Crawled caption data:
*-*-*
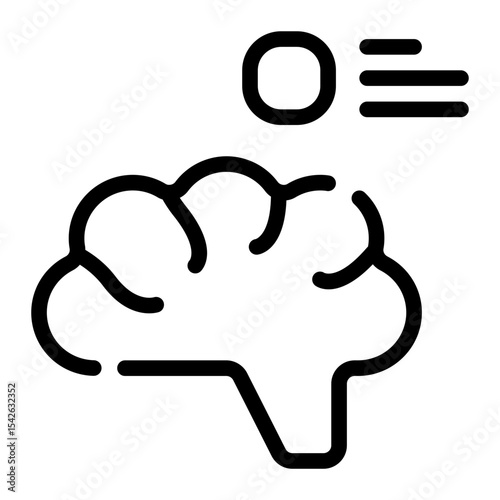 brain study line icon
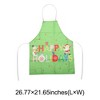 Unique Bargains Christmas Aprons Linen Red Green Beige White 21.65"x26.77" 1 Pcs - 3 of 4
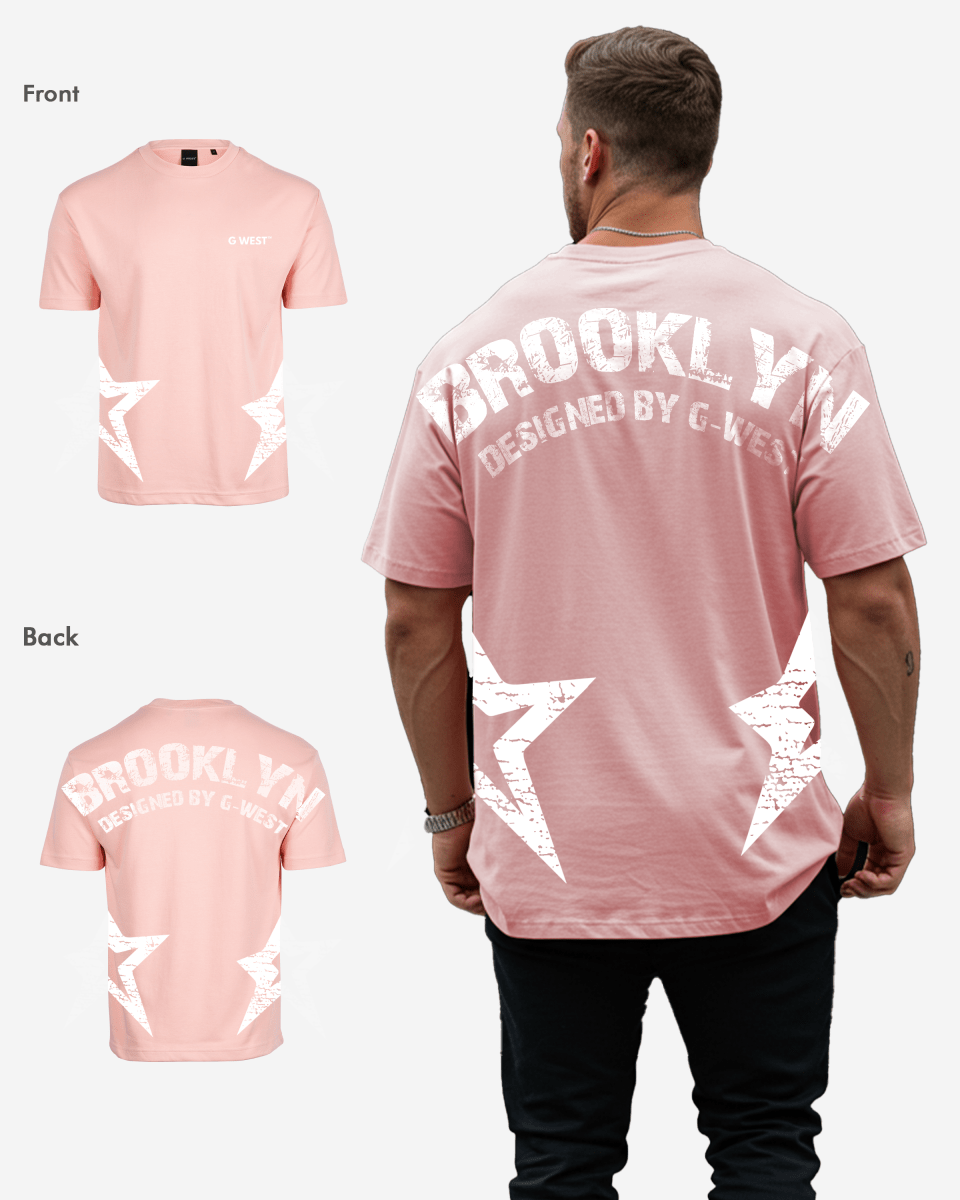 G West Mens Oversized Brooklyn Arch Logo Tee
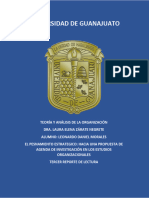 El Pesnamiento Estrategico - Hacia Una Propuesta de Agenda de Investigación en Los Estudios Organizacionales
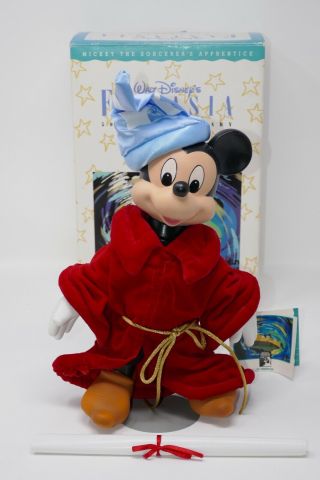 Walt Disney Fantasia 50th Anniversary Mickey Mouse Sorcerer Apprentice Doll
*-*-*
## WHAT YOU ARE ASKED TO DO
Your task is to return every entry exactly as it was written, with the pictures removed.

## ANSWER BOX
 brain study line icon
 Unique Bargains Christmas Aprons Linen Red Green Beige White 21.65"x26.77" 1 Pcs - 3 of 4
 G West Mens Oversized Brooklyn Arch Logo Tee
 El Pesnamiento Estrategico - Hacia Una Propuesta de Agenda de Investigación en Los Estudios Organizacionales
 Walt Disney Fantasia 50th Anniversary Mickey Mouse Sorcerer Apprentice Doll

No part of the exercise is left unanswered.